Iran claims jailed British woman ran spy ring

Nazanin Zaghari-Ratcliffe, already serving a five-year jail sentence for sedition, now faces new charges that could add 16 years to her prison term

Demonstrators hold placards before a march in support of Nazanin Zaghari-Ratcliffe in November. Peter Nicholls / Reuters
Demonstrators hold placards before a march in support of Nazanin Zaghari-Ratcliffe in November. Peter Nicholls / Reuters

Iran state television has aired a new video about imprisoned British-Iranian Nazanin Zaghari-Ratcliffe, accusing her of running a global spy network.

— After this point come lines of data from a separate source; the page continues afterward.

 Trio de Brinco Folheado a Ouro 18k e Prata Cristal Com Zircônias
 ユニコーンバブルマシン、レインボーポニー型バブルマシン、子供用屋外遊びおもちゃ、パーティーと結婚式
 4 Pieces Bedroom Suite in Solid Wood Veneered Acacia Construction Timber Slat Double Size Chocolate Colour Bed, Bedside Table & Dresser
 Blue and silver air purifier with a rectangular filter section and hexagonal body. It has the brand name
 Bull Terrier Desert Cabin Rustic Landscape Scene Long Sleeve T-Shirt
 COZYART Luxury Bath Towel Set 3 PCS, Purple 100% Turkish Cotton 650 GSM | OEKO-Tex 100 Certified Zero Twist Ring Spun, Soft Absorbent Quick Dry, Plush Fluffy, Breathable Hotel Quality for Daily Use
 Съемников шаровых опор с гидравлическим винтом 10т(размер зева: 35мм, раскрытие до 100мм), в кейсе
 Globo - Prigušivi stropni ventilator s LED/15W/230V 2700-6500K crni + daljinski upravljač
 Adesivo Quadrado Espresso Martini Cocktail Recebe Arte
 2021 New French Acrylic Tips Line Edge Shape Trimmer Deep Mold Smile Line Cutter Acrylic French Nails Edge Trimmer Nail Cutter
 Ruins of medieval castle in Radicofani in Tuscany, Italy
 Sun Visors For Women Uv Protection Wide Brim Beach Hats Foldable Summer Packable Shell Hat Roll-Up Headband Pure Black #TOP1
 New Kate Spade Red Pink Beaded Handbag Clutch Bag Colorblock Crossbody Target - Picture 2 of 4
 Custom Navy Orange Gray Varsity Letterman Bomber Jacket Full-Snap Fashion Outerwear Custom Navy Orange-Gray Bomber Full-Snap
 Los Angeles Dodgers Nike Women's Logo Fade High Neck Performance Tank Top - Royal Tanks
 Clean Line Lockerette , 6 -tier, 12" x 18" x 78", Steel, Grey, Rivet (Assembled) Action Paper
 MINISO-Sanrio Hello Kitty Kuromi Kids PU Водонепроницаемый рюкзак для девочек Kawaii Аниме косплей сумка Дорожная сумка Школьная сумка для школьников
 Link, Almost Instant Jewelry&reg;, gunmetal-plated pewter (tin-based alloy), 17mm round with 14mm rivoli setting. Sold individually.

The broadcast was part of an “aggressive propaganda campaign” by Iran to blacken Ms Zaghari-Ratcliffe’s name ahead of a new court appearance on December 10, her husband Richard Ratcliffe told The National.

Ms Zaghari-Ratcliffe, already serving a five-year prison sentence for allegedly planning the "soft toppling" of Iran's government while travelling there with her toddler daughter, now faces new charges that could add 16 years to her prison term.

Her plight has gained momentum in recent weeks as British foreign minister Boris Johnson faces tremendous criticism at home over his handling of it, after he mistakenly claimed she was “"teaching people journalism" when she was arrested last year, rather than on holiday.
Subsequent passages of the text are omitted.